### Task data

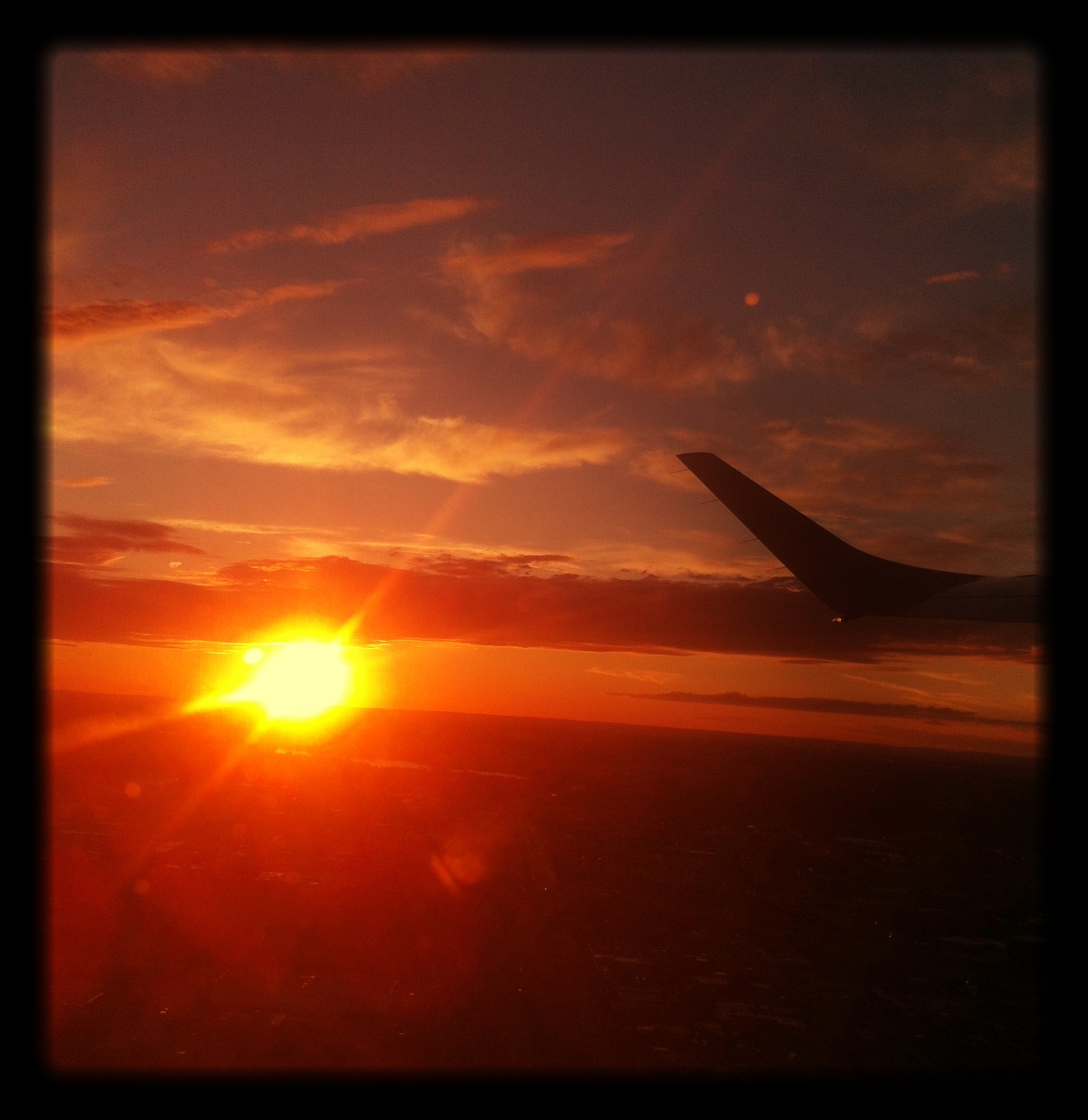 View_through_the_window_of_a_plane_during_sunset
--
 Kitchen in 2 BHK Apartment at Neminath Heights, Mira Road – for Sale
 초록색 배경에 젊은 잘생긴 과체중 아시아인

### What to work on
Take exactly the lines from the one containing "Kitchen in 2" through the one containing "초록색 배경에 젊은 잘생긴 과체중 아시아인" in the data above, and output them with nothing added.

### Response to this task
 Kitchen in 2 BHK Apartment at Neminath Heights, Mira Road – for Sale
 초록색 배경에 젊은 잘생긴 과체중 아시아인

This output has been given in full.